The death toll from extreme heat events always makes the headlines. But what happens when you’re on the brink of joining that number, and are brought back from the edge?

Devi Prasad Ahirwar, a 55 year-old former security guard, collapsed from a heat stroke in Delhi last year during one of the country’s worst and most prolonged episodes of extreme heat. Unconscious, with a dangerously high fever, he spent six days on a ventilator before miraculously gaining consciousness. He’d survived despite the odds, experts said.

A year later, however, the heat stroke isn’t entirely behind him. Survival gave Devi Prasad a second chance at life, but it’s a life marred by strange new afflictions his family is learning to live with. The severity of his heat stroke has resulted in rare neurological side-effects – he can no longer speak clearly, write, or get up from the floor without feeling dizzy. To walk, he now uses the help of a stick when in the past, he could walk for kilometres on end without tiring.

He now spends his days mostly silent and resting, or walking up and down the courtyard outside his village home. “He was a healthy man before he collapsed,” said Binodi Ahirwar, his wife. “It’s been a year of taking him to doctors, doing scans. When will he get better?”

The long-term neurological and physiological impacts of heat stroke are not well-studied among survivors in India, even though research points to the existence of debilitating residual effects. Though rare, Devi Prasad’s case isn’t the only one, Mongabay India found.

An incomplete recovery

When the body’s internal temperature breaches 41° Celsius (105.8 ° Fahrenheit ) it can cause cellular breakdown and multi-organ failure if left untreated. In such cases, the central nervous system is especially susceptible to damage.

“A heat stroke can cause direct injury to the brain because at high internal temperatures, the electrical activity of nerve cells is affected,” explained Atri Chatterjee, assistant professor of neurology at Vardhaman Mahavir Medical College and Safdarjung Hospital. “Unlike most other neurological disorders, a heat stroke can affect the entire brain at once, though certain parts of the brain, like the cerebellum, are more sensitive to heat.”

In the months following his heat stroke, Devi Prasad gradually regained his strength and was able to walk, take himself to the bathroom, and eat. But he never regained his speech, and his gait is unsteady. In conversation, he can comprehend, but not contribute. When he opens his mouth to say something, the words are distorted, and his family struggles to interpret.

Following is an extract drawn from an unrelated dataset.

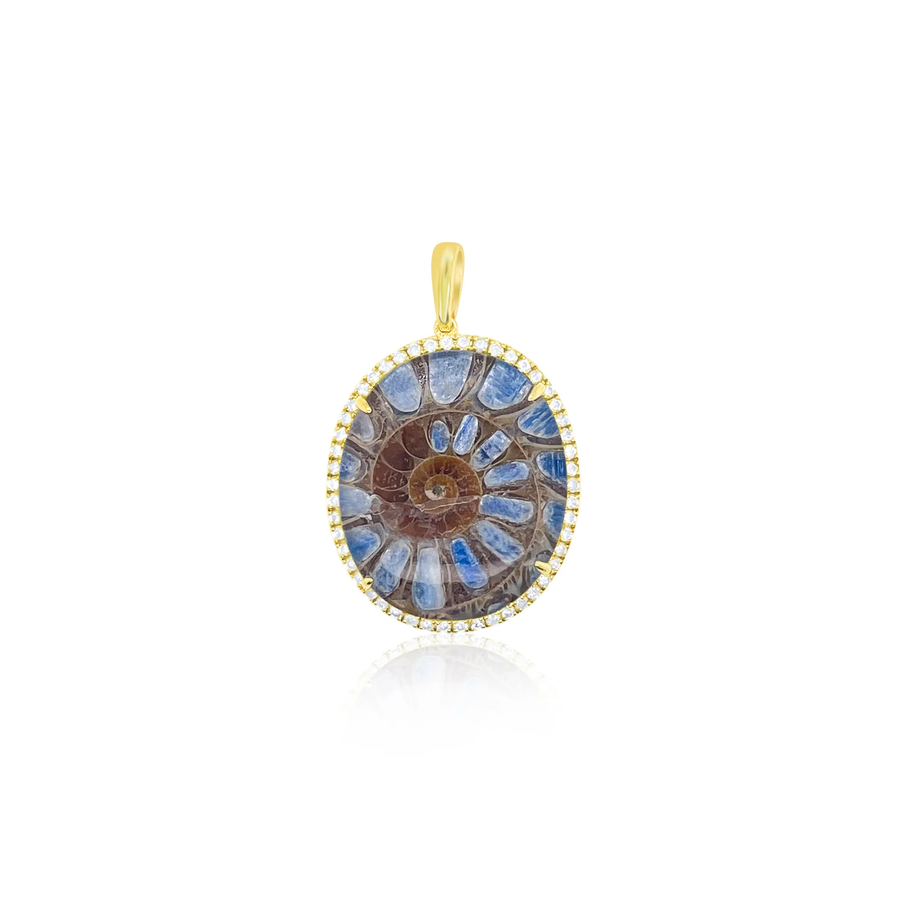 14kt Yellow Gold Fossil and Diamond Charm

No longer fit to resume guard duties, he returned to his village in Tikamgarh, a drought-prone district in Madhya Pradesh where outmigration is rampant. From the cramped quarters of his room in New Delhi, Devi Prasad and his wife now live in the cramped quarters of their village, with a single tree for shade. “It can become hot here too, especially when the electricity goes,” said Roshani, Devi Prasad’s daughter, who is a street vendor selling samosas.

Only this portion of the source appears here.